White Stream as an idea was initially suggested by Ukrainian officials in 2005. Following this, it was discussed at different international energy conferences and gradually achieved project status. In May 2007 it was presented at the Vienna gas forum, and on Oct. 11, 2007, at the summit-level Energy Security Conference in Vilnius. On Jan. 28, 2008, Ukrainian Prime Minister Yulia Tymoshenko asked the EU to consider taking part in the White Stream project. On May 28, 2008, the European Commission identified the project as a “Project of Common Interest” and furthermore accepted it as a “Priority Project.”
In addition to another well-known project, Nabucco, it is one of several “diversification projects” in the Southern Gas Corridor, promoted by the EU, which has started co-funding the project company under its TEN-E program, to conduct studies on the project. In this regard the first TEN-E grant was supported by the government of Romania. The second grant was supported by the governments of Romania, Poland and Lithuania.

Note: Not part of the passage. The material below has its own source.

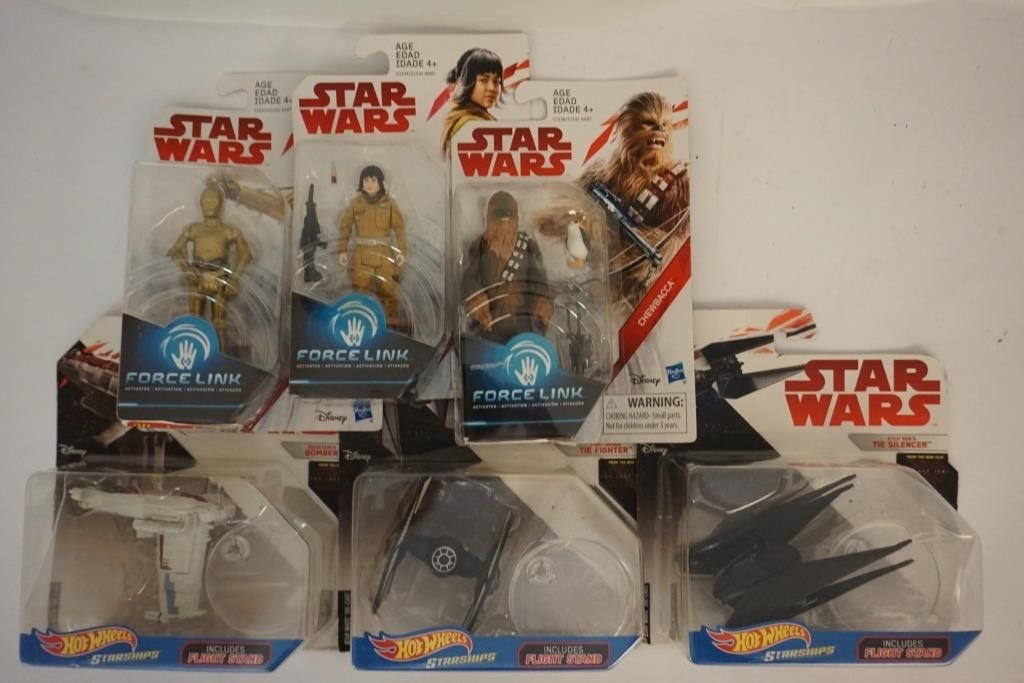 Star Wars Action Figures 6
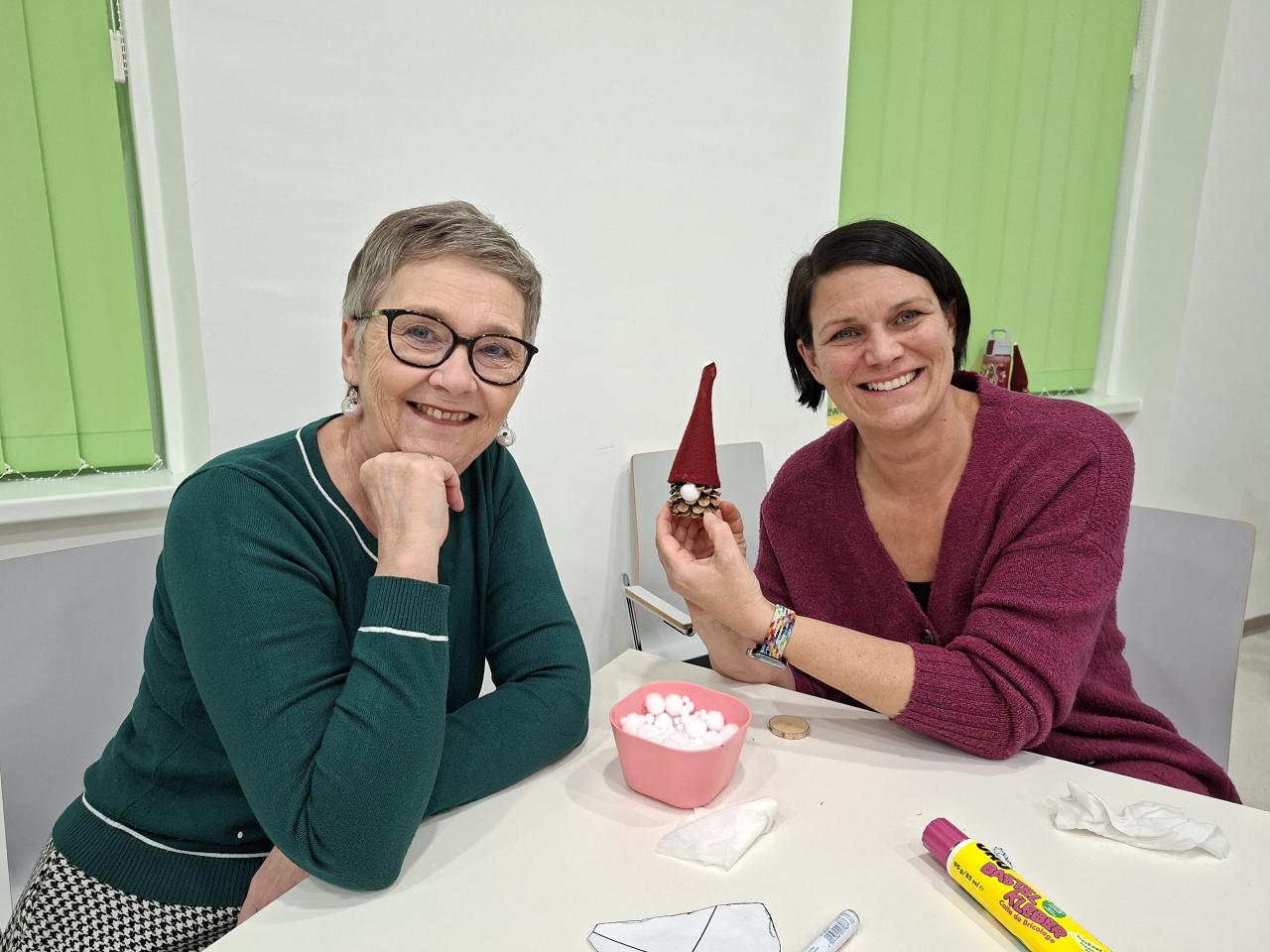 Wichtel basteln 2025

The main difference between White Stream and the other major projects is that the latter is a private undertaking and is being promoted by a consortium of several companies in London, which includes the White Stream Pipeline and the Pipelines Systems Engineering companies.
The proposed pipeline would branch off from the South Caucasus Pipeline near the Georgian capital and run for 133 kilometers via Georgia to the Georgian Black Sea port of Supsa. From Supsa, there are two possible offshore routes: the first is the direct long undersea route from Supsa to Constanta in Romania, which is 1,105 kilometers; and the second is from Supsa to Constanza overland through Crimea with a short additional undersea pipeline.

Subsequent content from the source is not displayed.